Cachez donc ce krach que je ne saurais voir. Pendant quelques jours, le « scandale » de la société générale va occulter le désastre boursier consécutif à la crise des subprimes. Une certaine presse préfère en effet raconter des histoires à sensation plutôt que de se livrer à l’analyse froide des faits : le jeune « trader fou » qui fait perdre, à lui tout seul, près de 5 milliards d’euros à une grande banque française, en voilà un beau scénario!
En réalité, il y a bien un lien entre l’affaire « société générale » et la crise. Jérôme Kerviel, c’est le bouc émissaire idéal : il n’y a que les gogos qui imaginent que ce monsieur ait pu engager de telles sommes sans qu’à aucun moment sa hiérarchie n’en ait été informée (rappelons que pour perdre 5 milliards, il faut « miser « bien davantage).
En réalité, le trader s’est contenté, certes avec beaucoup de zèle, de faire ce pourquoi on le paie : spéculer sur des marchés à risques, jouer gros pour gagner gros ou perdre beaucoup.
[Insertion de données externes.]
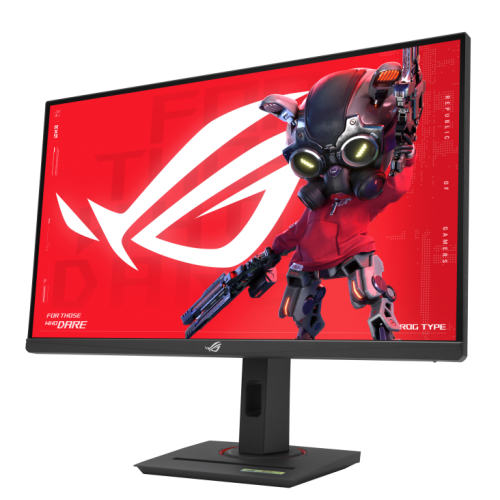 Monitor LED ASUS ROG Strix XG27UCS, 27inch, 3840x2160, 1ms GTG, Black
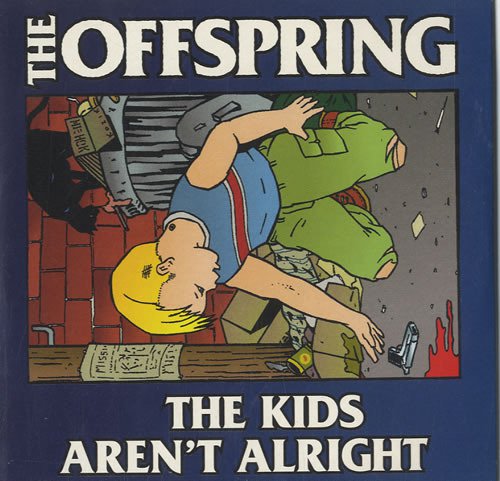 The Kids Aren't Alright Download free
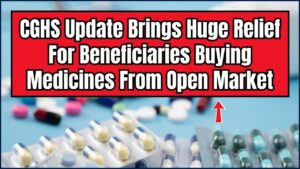 CGHS Update Brings Huge Relief For Beneficiaries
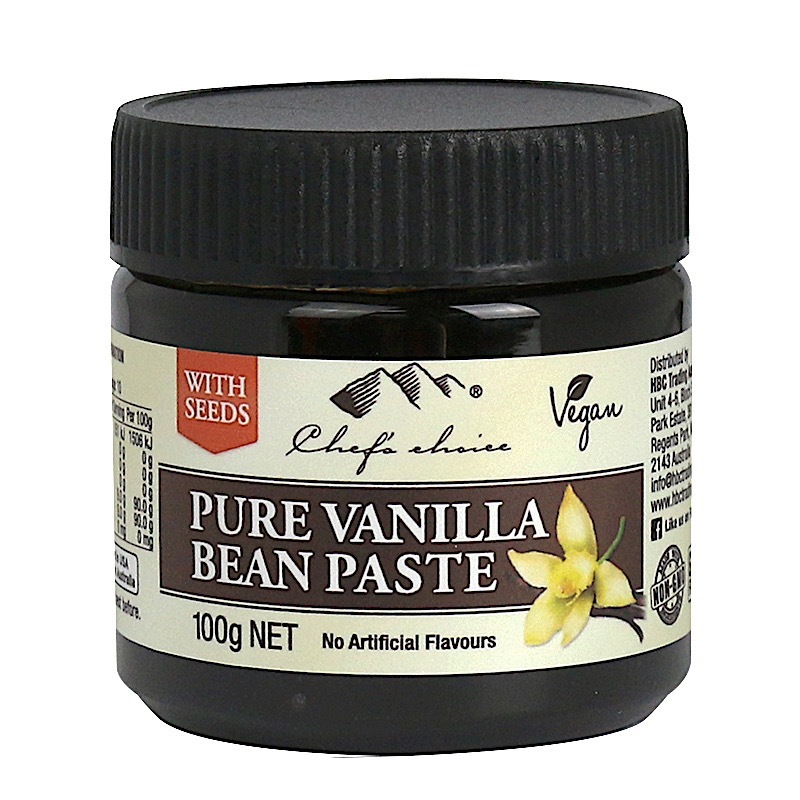 Pure Vanilla Bean Paste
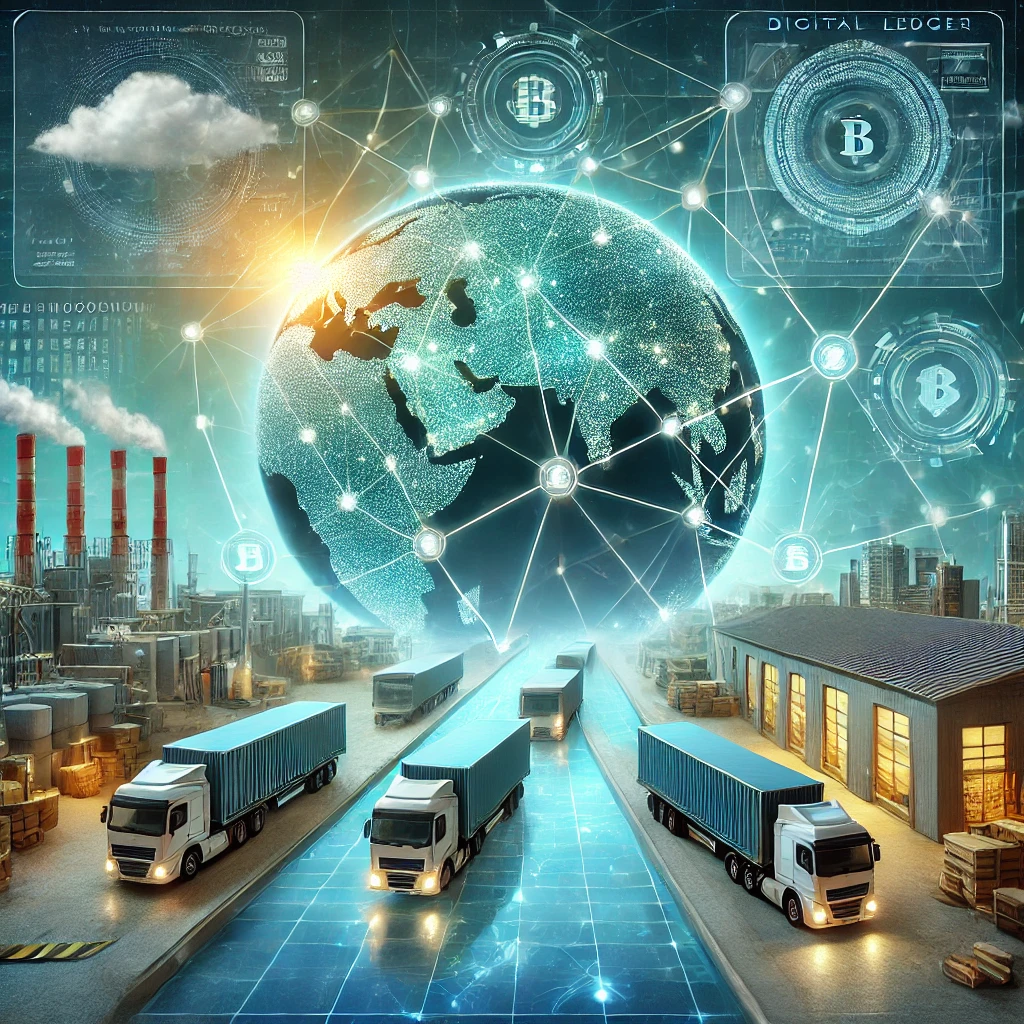 How Blockchain is Enhancing Transparency in Supply Chain Management ...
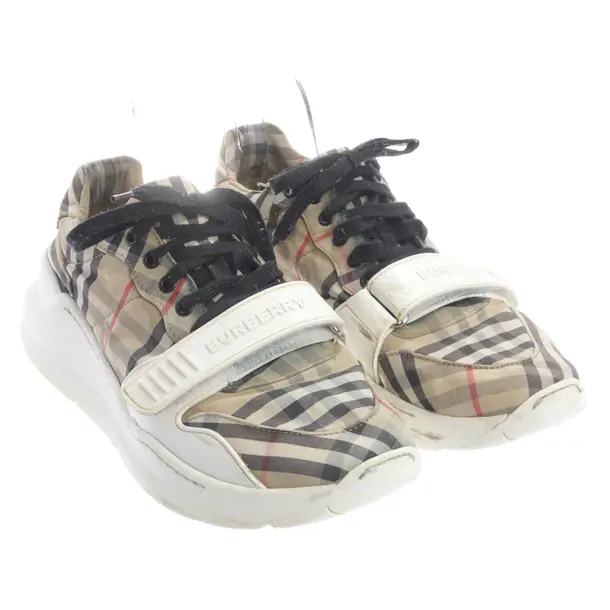 Sneaker, in Mehrfarbig, Burberry London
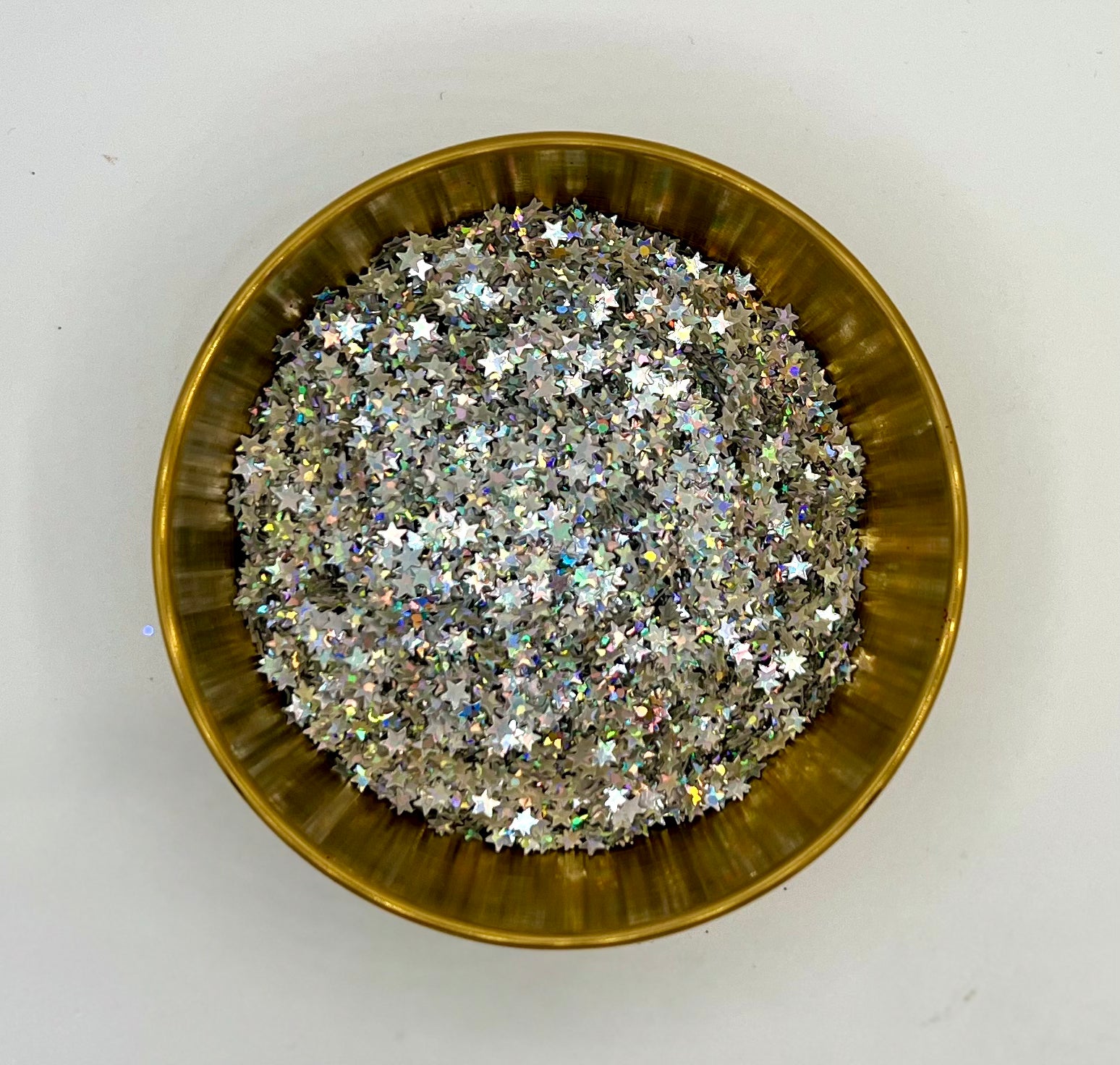 Lucky Stars Holographic Biodegradable Glitter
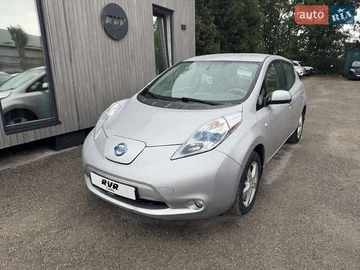 Авто Nissan Leaf 2012 № 7943595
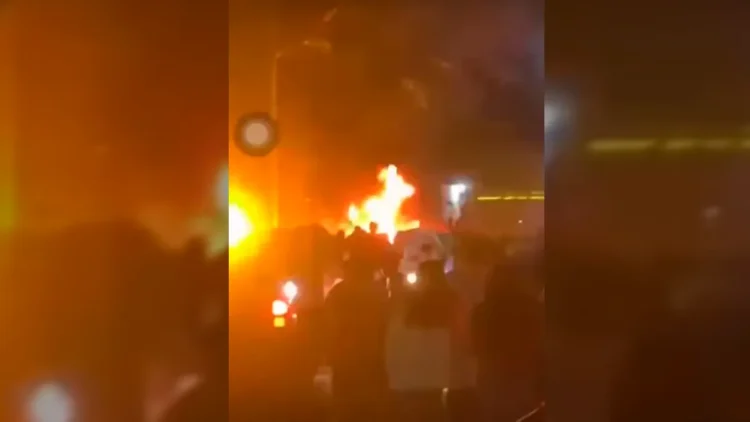 Violencia extrema en Tekit, Yucatán: linchan y queman vivo a un hombre que mató a una mujer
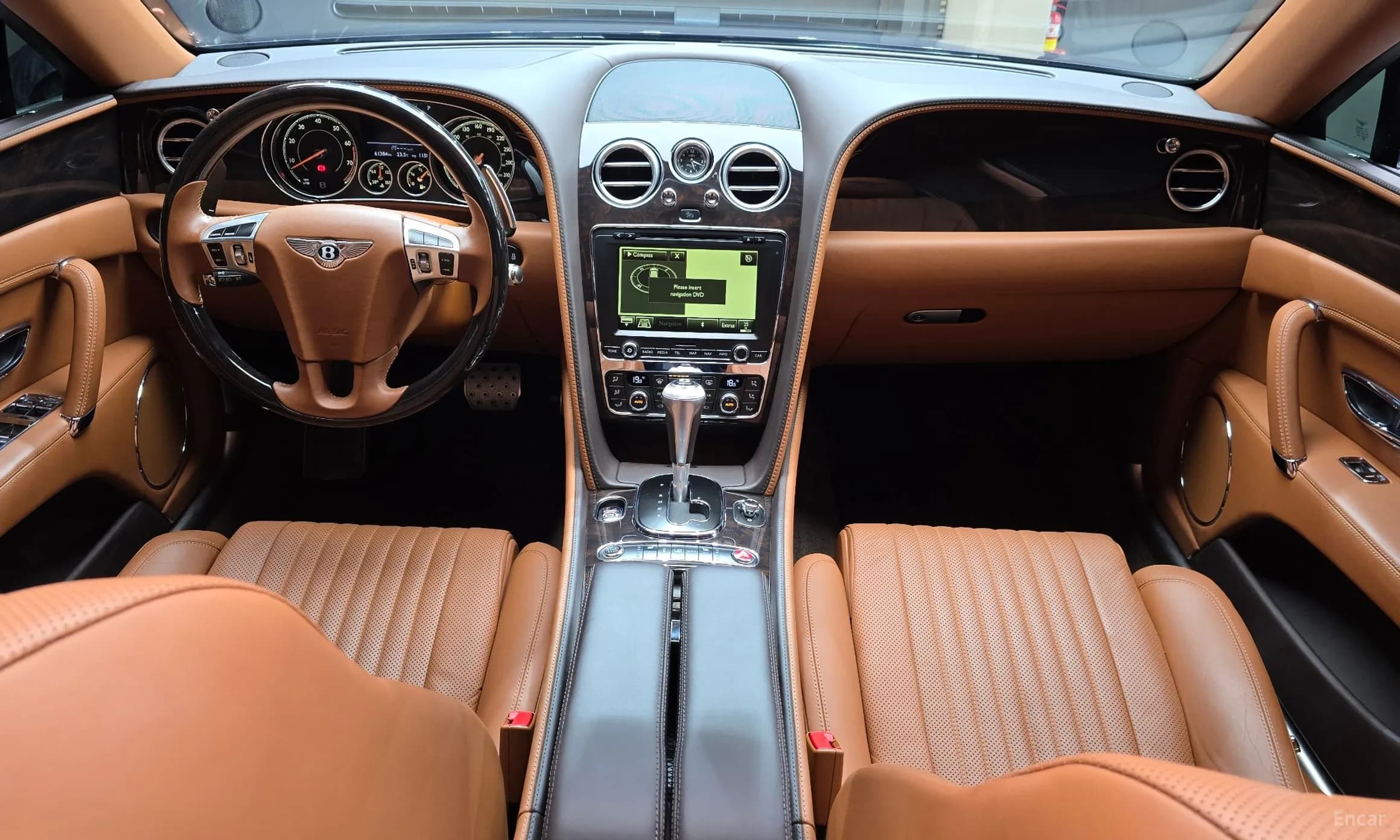 Flying Spur 2nd Generation
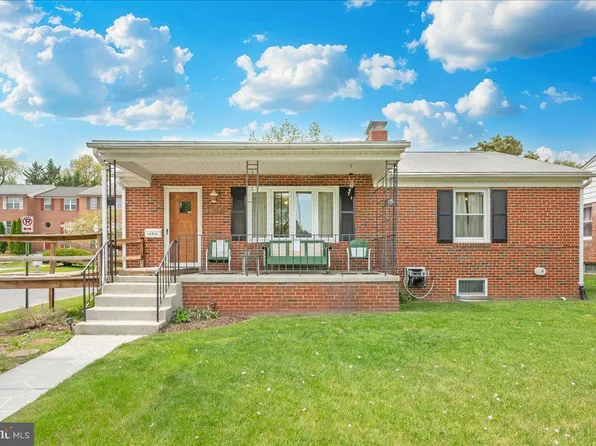 1201 Staley Ave, Frederick, MD 21701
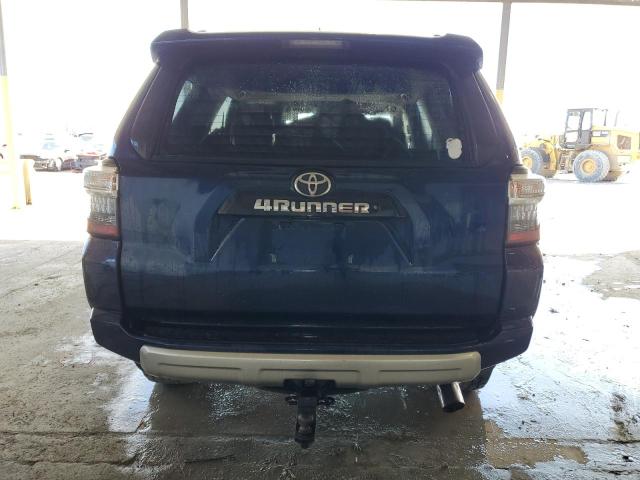  TOYOTA 4RUNNER 2017 Blue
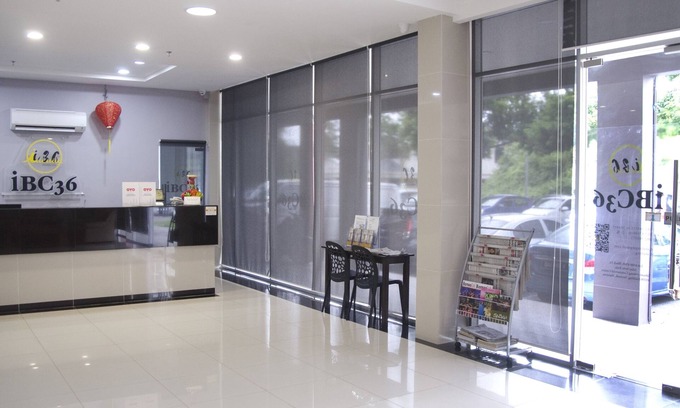 Kuching Hotel | Hotel O iBC36 Business Stay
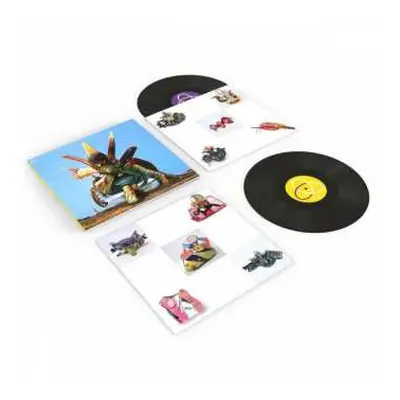 2LP Röyksopp: Profound Mysteries II LTD | NUM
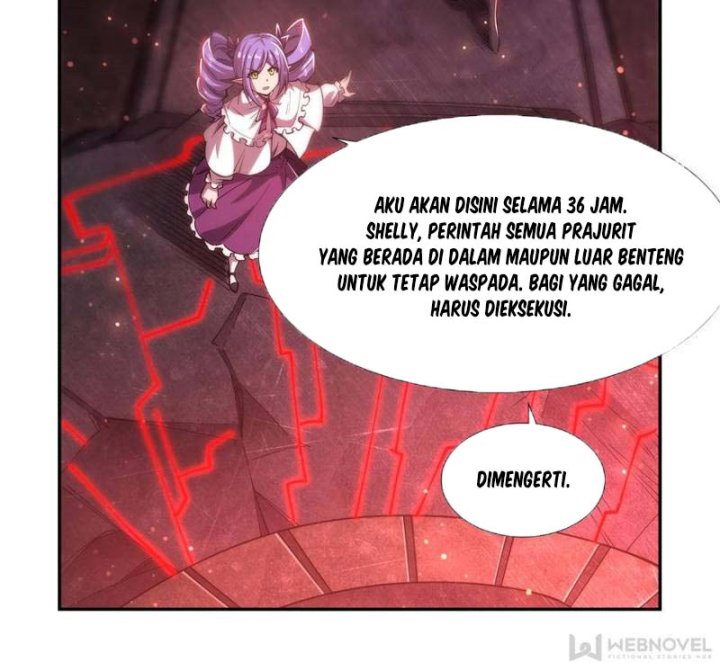 The Blood Princess And The Knight Chapter 271 Gambar 16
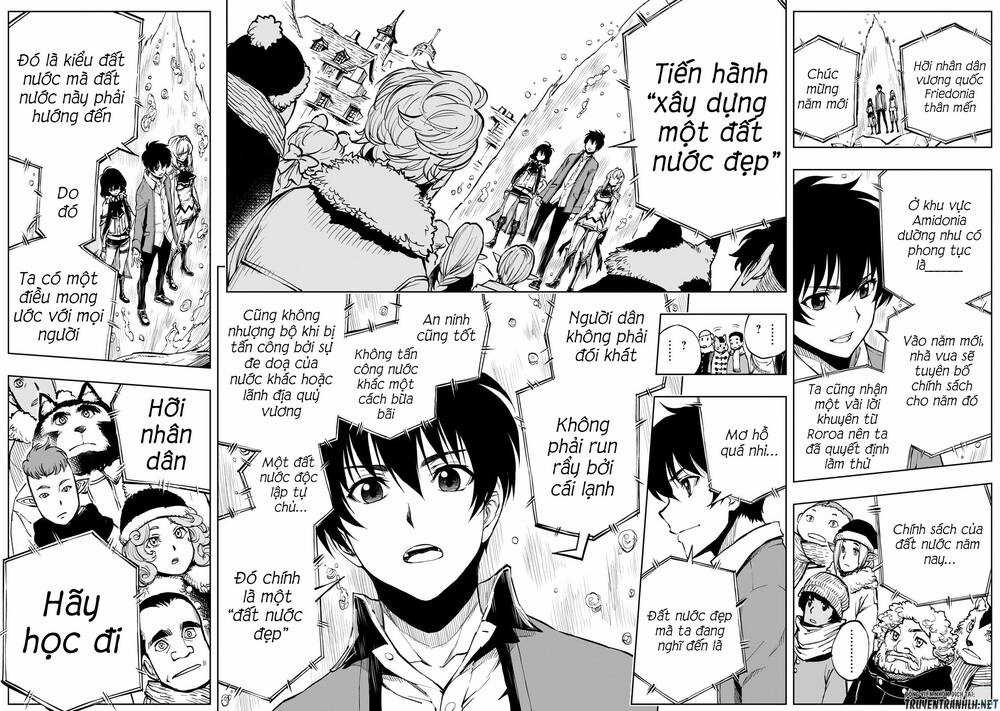 Genjitsu Shugi Yuusha No Oukoku Saikenki Chapter 53 trang 5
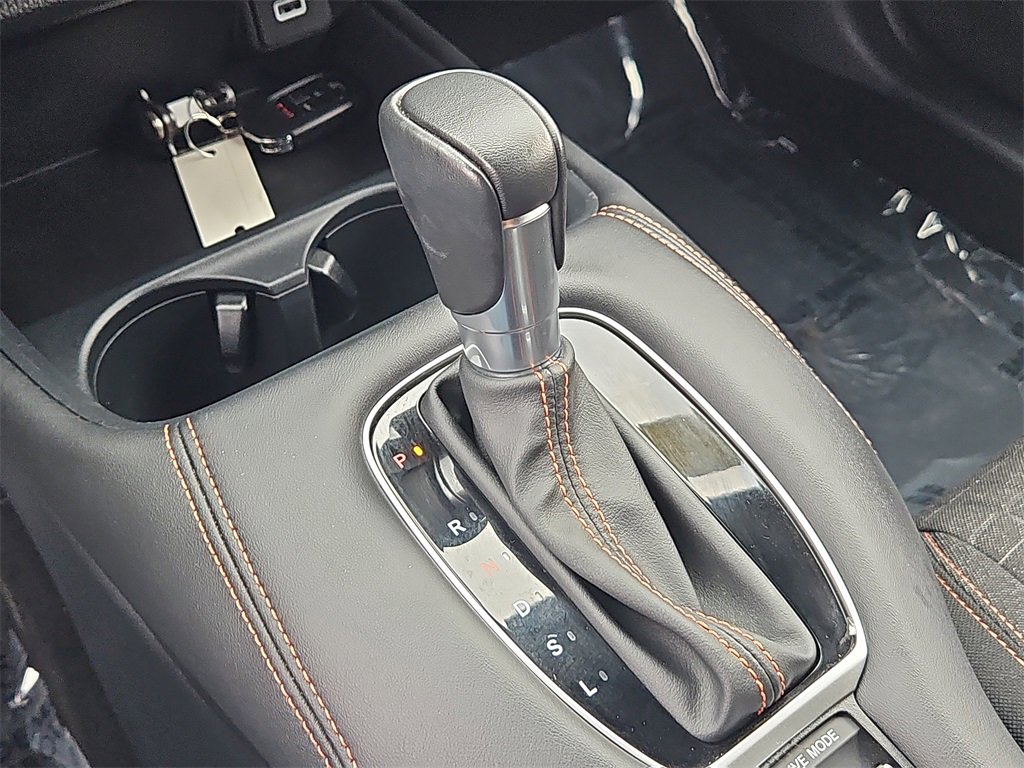 Certified 2025 Honda HR-V Sport image 16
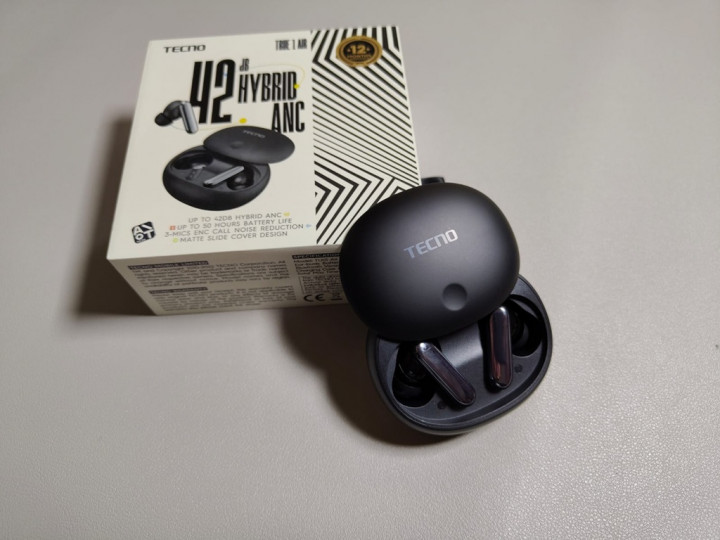 Review TWS Tecno True 1 Air, Harga Terjangkau tapi Kualitasnya Dua Jempol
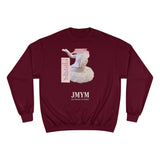 JMYM UNISEX IN A ROOM FULL OF ART SWEATSHIRT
Il ne s’agit pas de compatir : Kerviel, assoiffé de pognon, se meut dans un monde virtuel où l’on jongle avec des milliards sans jamais se poser la question de la vie réelle, celles des gens qui vivent de leur travail et s’endettent pour payer leurs maisons. Ce mercenaire ne mérite pas d’excuse. Mais il n’est qu’un infime rouage, une minuscule pièce du Grand Jeu. Ce n’est pas Monsieur Kerviel qui est fou, c’est le système.
Faut-il y revenir? Le système financier s’est incroyablement autonomisé par rapport à l’économie réelle. Et l’émergence du « pouvoir actionnarial » en est une des conséquences. Ce n’est plus le capitaine d’industrie, secondés par ses cadres et ses employés, qui détermine la politique de l’entreprise, mais l’actionnaire. Pour acclimater les managers à ce changement, leur rémunération a été modifiée pour varier aussi en fonction des performances boursières de l’entreprise. La conséquence de cette mutation : les managers ont été conduits à prendre des risques grandissants pour faire monter le cours de bourse de leur entreprise, allant jusqu’à truquer ses comptes (scandale Enron),ou à dissimuler des informations cruciales pour revendre leurs stock-options ou leurs actions au cours le plus favorable.
La société générale, c’est un exemple parmi d’autres : pour dégager le plus de profits possible, Bouton et ses amis ont lancé leur traders sur les marchés dérivés, emblématiques de la spéculation pure : les risques sont importants mais les bénéfices escomptés sont tellement énormes! Jusque-là, cela leur avait plutôt réussi. Aujourd’hui, ça leur pète à la figure. Les subprimes, la fraude. On aurait presque envie d’en rire si il n’y avait pas des salariés, des clients, des petits actionnaires qui vont payer pour les acrobaties d’une poignée d’irresponsables plein aux as.